You went and done did it, you killed your Ubiquiti Airrouter, because you grabbed the wrong wall wart and overvoltaged it. And now it's dead.
Well, there's a good chance that only the little switching DC-DC 5V to 3,3V downconverter circuit blew up.
I removed the dead DC-DC converter chip and its associated inductor and diode, Did a test run with an external 3.3VDC power supply to see if the Airrouter was in fact repairable (that it still worked with this supply), and then used a linear voltage regulator to create the 3.3VDC the router circuits want. I used a regulator that was spec-ed to have low dropout voltage, as the input to output voltage difference isn't that much. And one that can do one and a quarter amps. I wanted to keep the input voltage at 5V, so if someone plugs a cell phone charger cable or such into the USB jack, it won't get blown up by excessive voltage. I mounted the regulator's heat sink atop the ethernet jacks. I used some sheet aluminum I salvaged from an old video monitor, though I probably made it bigger than it needed to be. In any event, the Airrouter was back on the air!

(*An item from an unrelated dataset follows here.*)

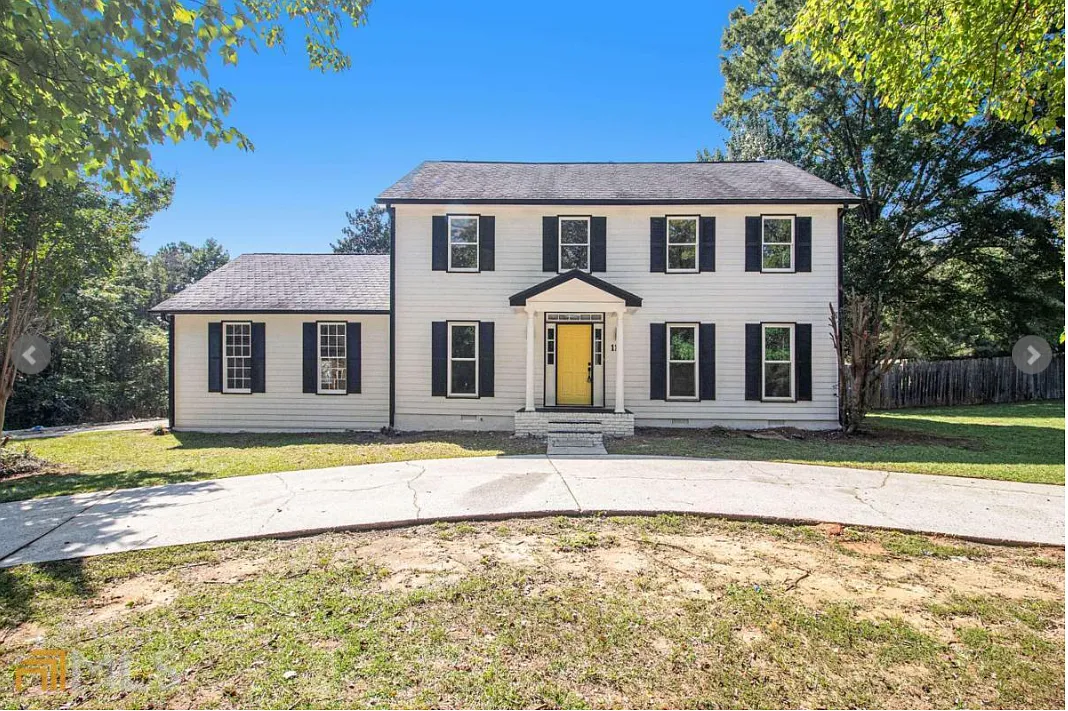 110 Princeton Trce photo 1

Can you share the part number for regulator? Thanks
Bob,. As kas, I dud a more complete job! Hope this works for others! 73, Gordon
I used a LM3940it 3,3v regulator. As that's what I had on hand, that could do the low drop out, from 5V to 3.3V. And it can take up to 12V input (at least mine did!) Bay Linear https://www.digchip.com/datasheets/parts/datasheet/064/LM3940-pdf.php says 26V, but TI and National Semi says theirs' only 7.5V, but be aware that this voltage will also appear on the USB port. If I did this again, I'd get the KA278R33 https://www.onsemi.com/pub/Collateral/KA278RA05C-D.pdf regulator, it can take up to 35V input. Or the LM1085 http://www.ti.com/lit/ds/symlink/lm1085.pdf 3A and max 27V in.
Thank you. I have 2 that where dead on arrival from eBay. One AirRouter and one AirRouter HP with the PoE and probably due to the wrong power supply.